Exercise description: Which lines in the records below contain the word "sink"? Return each of them.

Source data
=== Section Start ===

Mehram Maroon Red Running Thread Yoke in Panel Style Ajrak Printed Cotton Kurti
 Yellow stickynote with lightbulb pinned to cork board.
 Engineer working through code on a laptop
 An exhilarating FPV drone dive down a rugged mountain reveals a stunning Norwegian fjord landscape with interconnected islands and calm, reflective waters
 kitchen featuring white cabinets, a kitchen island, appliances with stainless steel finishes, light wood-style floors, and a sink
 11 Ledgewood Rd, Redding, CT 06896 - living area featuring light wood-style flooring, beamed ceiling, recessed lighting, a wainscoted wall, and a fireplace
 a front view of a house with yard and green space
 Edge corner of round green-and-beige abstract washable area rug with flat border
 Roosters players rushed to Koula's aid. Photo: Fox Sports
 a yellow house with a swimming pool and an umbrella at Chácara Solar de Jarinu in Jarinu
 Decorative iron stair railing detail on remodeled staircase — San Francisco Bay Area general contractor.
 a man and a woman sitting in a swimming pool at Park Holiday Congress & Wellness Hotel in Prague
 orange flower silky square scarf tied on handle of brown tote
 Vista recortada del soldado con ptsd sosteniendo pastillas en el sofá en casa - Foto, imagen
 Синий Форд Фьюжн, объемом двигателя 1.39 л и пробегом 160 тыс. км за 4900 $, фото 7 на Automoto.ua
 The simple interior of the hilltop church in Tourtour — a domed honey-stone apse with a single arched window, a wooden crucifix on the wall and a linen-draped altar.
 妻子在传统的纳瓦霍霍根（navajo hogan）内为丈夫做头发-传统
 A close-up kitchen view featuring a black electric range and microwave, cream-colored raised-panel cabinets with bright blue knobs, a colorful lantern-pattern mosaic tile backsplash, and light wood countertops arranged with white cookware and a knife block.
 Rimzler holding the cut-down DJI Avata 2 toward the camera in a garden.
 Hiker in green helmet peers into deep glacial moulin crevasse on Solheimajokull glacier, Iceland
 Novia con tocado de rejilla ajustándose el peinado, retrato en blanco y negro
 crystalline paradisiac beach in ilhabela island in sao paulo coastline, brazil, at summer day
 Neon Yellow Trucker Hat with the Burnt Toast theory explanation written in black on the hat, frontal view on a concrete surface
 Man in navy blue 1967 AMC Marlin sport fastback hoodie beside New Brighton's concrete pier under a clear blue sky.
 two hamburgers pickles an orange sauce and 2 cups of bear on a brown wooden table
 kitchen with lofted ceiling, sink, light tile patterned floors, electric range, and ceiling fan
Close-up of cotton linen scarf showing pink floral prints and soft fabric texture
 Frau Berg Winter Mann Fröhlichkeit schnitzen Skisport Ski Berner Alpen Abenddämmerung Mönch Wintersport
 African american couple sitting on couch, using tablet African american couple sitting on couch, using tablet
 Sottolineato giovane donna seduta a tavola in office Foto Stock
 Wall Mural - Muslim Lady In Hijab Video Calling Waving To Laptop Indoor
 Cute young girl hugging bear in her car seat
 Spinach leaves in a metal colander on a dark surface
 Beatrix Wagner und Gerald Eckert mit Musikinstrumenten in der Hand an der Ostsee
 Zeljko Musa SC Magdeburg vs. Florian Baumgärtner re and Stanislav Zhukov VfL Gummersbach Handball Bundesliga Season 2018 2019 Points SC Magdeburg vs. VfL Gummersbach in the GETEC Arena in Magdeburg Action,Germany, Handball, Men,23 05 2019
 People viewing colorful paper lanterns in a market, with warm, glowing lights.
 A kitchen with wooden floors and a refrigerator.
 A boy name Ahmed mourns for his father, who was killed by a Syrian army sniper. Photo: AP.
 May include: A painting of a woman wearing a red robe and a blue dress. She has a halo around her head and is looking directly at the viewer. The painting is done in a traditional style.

=== Section End ===

Task response:
 kitchen featuring white cabinets, a kitchen island, appliances with stainless steel finishes, light wood-style floors, and a sink
 kitchen with lofted ceiling, sink, light tile patterned floors, electric range, and ceiling fan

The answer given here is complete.